Pending decisions could be precedent setting. “I think in the past there’s only been a charge for printed copies,” Bonner said. “I don’t believe there’s been a charge for access itself.” In a summary of the Tribune Eagle case Moats underscores how Wyoming’s Public Records Act must be interpreted “when read as a whole and liberally in favor of openness.”
Legislature started it, governor carries banner
In a state that routinely assails the federal government for so-called “burdensome regulations” Senate File 67, known as “Administrative rules — streamlining” was very popular among lawmakers in 2014. Proposed by the influential management council the streamlining bill sought, among other things, to adopt standards for “inspection, copies and production” of electronic public documents.
The Legislative Service Office said there would be “no significant fiscal or personnel impact,” as a result of a new law. It said nothing about potential savings.
In 20 business days, lawmakers cast 138 roll-call votes for the measure, none against. Under Gov. Matt Mead’s signature, “streamlining” became law. The Department of Administration and Information responded to the new “streamlining” initiative by producing four new pages of fee-setting rules.

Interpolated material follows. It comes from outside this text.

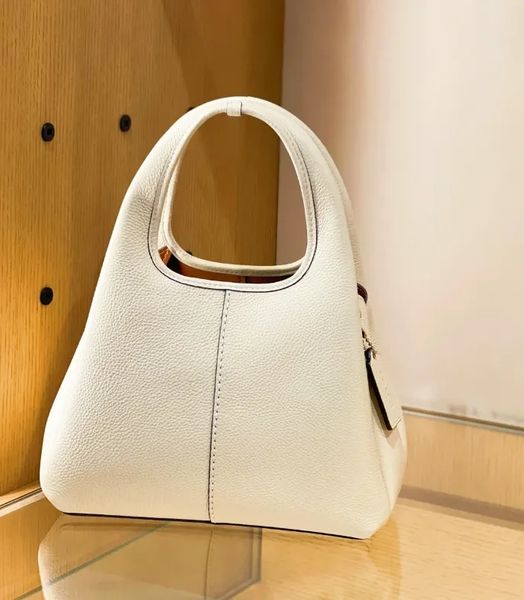 

Designer Lana 23 Handbag Shoulder Bucket Messenger Bag Crossbody Handbags Large Capacity Shopping Tote Leather, Green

Now the state wants to join the legal brouhaha between the school district and the newspaper. About a week ago Wyoming filed a motion asking that it be allowed to join the lawsuit on behalf of the school district. Among other reasons, state lawyers say, is that officials are getting more and more requests for electronic documents — thousands of requests.
The newspaper objected, saying Wyoming won’t add anything to the arguments. More requests for electronic public documents are understandable given that much business is done electronically today.
“The State appears to want to make a political argument about the burden of providing public access to records that would not assist the Court in interpreting the language of the statute,” Moats wrote. Allowing Wyoming to intervene would make the case more expensive, he argued.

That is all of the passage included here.